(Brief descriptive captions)
____

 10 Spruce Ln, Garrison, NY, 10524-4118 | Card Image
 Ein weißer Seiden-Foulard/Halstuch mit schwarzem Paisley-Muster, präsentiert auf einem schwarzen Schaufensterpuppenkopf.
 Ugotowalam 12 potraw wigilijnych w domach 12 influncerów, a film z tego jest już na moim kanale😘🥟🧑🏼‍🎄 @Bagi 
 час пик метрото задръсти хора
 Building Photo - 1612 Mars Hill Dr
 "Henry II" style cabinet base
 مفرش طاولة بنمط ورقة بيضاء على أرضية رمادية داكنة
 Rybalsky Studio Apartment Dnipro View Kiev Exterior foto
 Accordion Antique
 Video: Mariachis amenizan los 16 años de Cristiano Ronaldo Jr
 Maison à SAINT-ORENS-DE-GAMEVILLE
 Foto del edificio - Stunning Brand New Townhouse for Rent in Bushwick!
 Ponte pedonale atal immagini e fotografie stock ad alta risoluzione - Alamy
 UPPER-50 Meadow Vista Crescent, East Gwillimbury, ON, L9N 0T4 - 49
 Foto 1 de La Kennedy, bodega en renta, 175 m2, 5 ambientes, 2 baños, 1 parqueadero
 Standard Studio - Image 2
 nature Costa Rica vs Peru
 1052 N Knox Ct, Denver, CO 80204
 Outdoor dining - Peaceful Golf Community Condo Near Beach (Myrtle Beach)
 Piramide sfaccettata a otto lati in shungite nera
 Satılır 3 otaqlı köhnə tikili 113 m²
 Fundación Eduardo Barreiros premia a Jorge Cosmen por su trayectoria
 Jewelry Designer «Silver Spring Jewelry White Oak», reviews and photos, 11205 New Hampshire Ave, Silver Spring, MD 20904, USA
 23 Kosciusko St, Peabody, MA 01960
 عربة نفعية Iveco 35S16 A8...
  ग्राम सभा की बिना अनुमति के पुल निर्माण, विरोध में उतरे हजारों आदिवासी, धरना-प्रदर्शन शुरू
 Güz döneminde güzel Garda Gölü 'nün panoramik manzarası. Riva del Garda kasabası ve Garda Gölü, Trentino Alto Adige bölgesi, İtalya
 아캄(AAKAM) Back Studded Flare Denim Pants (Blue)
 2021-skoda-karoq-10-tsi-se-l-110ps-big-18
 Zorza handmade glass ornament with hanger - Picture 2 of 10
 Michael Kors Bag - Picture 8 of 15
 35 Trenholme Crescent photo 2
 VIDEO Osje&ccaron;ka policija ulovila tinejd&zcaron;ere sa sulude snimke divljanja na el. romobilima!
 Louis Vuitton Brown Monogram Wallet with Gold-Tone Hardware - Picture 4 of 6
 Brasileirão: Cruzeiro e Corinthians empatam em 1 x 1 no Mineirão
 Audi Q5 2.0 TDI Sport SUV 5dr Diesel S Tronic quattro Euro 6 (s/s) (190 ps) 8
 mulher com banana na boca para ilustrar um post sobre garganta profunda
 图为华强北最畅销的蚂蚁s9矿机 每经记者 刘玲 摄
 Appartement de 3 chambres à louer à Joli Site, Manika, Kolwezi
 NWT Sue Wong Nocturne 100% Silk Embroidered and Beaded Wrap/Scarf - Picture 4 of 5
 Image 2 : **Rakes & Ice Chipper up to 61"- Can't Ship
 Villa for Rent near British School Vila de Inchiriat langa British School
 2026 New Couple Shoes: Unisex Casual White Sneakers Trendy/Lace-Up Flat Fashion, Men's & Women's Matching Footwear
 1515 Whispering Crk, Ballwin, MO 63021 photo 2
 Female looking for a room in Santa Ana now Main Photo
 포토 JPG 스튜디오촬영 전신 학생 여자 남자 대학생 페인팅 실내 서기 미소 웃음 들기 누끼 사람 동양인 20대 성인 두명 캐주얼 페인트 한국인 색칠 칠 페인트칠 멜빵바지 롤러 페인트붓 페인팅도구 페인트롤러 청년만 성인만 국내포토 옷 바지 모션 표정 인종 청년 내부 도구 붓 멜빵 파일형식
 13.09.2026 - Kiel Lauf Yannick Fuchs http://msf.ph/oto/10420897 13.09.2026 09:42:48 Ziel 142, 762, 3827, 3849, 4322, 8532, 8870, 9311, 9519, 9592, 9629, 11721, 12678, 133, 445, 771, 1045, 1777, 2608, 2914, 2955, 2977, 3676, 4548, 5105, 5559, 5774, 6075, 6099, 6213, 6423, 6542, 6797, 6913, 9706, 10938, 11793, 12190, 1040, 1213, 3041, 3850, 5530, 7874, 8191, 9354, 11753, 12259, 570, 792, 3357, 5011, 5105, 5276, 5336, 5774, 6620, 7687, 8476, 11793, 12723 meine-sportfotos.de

____

[DIRECTIONS FOR THIS TASK] From the first line to the last, copy every record exactly.

[TASK SOLUTION]
 10 Spruce Ln, Garrison, NY, 10524-4118 | Card Image
 Ein weißer Seiden-Foulard/Halstuch mit schwarzem Paisley-Muster, präsentiert auf einem schwarzen Schaufensterpuppenkopf.
 Ugotowalam 12 potraw wigilijnych w domach 12 influncerów, a film z tego jest już na moim kanale😘🥟🧑🏼‍🎄 @Bagi 
 час пик метрото задръсти хора
 Building Photo - 1612 Mars Hill Dr
 "Henry II" style cabinet base
 مفرش طاولة بنمط ورقة بيضاء على أرضية رمادية داكنة
 Rybalsky Studio Apartment Dnipro View Kiev Exterior foto
 Accordion Antique
 Video: Mariachis amenizan los 16 años de Cristiano Ronaldo Jr
 Maison à SAINT-ORENS-DE-GAMEVILLE
 Foto del edificio - Stunning Brand New Townhouse for Rent in Bushwick!
 Ponte pedonale atal immagini e fotografie stock ad alta risoluzione - Alamy
 UPPER-50 Meadow Vista Crescent, East Gwillimbury, ON, L9N 0T4 - 49
 Foto 1 de La Kennedy, bodega en renta, 175 m2, 5 ambientes, 2 baños, 1 parqueadero
 Standard Studio - Image 2
 nature Costa Rica vs Peru
 1052 N Knox Ct, Denver, CO 80204
 Outdoor dining - Peaceful Golf Community Condo Near Beach (Myrtle Beach)
 Piramide sfaccettata a otto lati in shungite nera
 Satılır 3 otaqlı köhnə tikili 113 m²
 Fundación Eduardo Barreiros premia a Jorge Cosmen por su trayectoria
 Jewelry Designer «Silver Spring Jewelry White Oak», reviews and photos, 11205 New Hampshire Ave, Silver Spring, MD 20904, USA
 23 Kosciusko St, Peabody, MA 01960
 عربة نفعية Iveco 35S16 A8...
  ग्राम सभा की बिना अनुमति के पुल निर्माण, विरोध में उतरे हजारों आदिवासी, धरना-प्रदर्शन शुरू
 Güz döneminde güzel Garda Gölü 'nün panoramik manzarası. Riva del Garda kasabası ve Garda Gölü, Trentino Alto Adige bölgesi, İtalya
 아캄(AAKAM) Back Studded Flare Denim Pants (Blue)
 2021-skoda-karoq-10-tsi-se-l-110ps-big-18
 Zorza handmade glass ornament with hanger - Picture 2 of 10
 Michael Kors Bag - Picture 8 of 15
 35 Trenholme Crescent photo 2
 VIDEO Osje&ccaron;ka policija ulovila tinejd&zcaron;ere sa sulude snimke divljanja na el. romobilima!
 Louis Vuitton Brown Monogram Wallet with Gold-Tone Hardware - Picture 4 of 6
 Brasileirão: Cruzeiro e Corinthians empatam em 1 x 1 no Mineirão
 Audi Q5 2.0 TDI Sport SUV 5dr Diesel S Tronic quattro Euro 6 (s/s) (190 ps) 8
 mulher com banana na boca para ilustrar um post sobre garganta profunda
 图为华强北最畅销的蚂蚁s9矿机 每经记者 刘玲 摄
 Appartement de 3 chambres à louer à Joli Site, Manika, Kolwezi
 NWT Sue Wong Nocturne 100% Silk Embroidered and Beaded Wrap/Scarf - Picture 4 of 5
 Image 2 : **Rakes & Ice Chipper up to 61"- Can't Ship
 Villa for Rent near British School Vila de Inchiriat langa British School
 2026 New Couple Shoes: Unisex Casual White Sneakers Trendy/Lace-Up Flat Fashion, Men's & Women's Matching Footwear
 1515 Whispering Crk, Ballwin, MO 63021 photo 2
 Female looking for a room in Santa Ana now Main Photo
 포토 JPG 스튜디오촬영 전신 학생 여자 남자 대학생 페인팅 실내 서기 미소 웃음 들기 누끼 사람 동양인 20대 성인 두명 캐주얼 페인트 한국인 색칠 칠 페인트칠 멜빵바지 롤러 페인트붓 페인팅도구 페인트롤러 청년만 성인만 국내포토 옷 바지 모션 표정 인종 청년 내부 도구 붓 멜빵 파일형식
 13.09.2026 - Kiel Lauf Yannick Fuchs http://msf.ph/oto/10420897 13.09.2026 09:42:48 Ziel 142, 762, 3827, 3849, 4322, 8532, 8870, 9311, 9519, 9592, 9629, 11721, 12678, 133, 445, 771, 1045, 1777, 2608, 2914, 2955, 2977, 3676, 4548, 5105, 5559, 5774, 6075, 6099, 6213, 6423, 6542, 6797, 6913, 9706, 10938, 11793, 12190, 1040, 1213, 3041, 3850, 5530, 7874, 8191, 9354, 11753, 12259, 570, 792, 3357, 5011, 5105, 5276, 5336, 5774, 6620, 7687, 8476, 11793, 12723 meine-sportfotos.de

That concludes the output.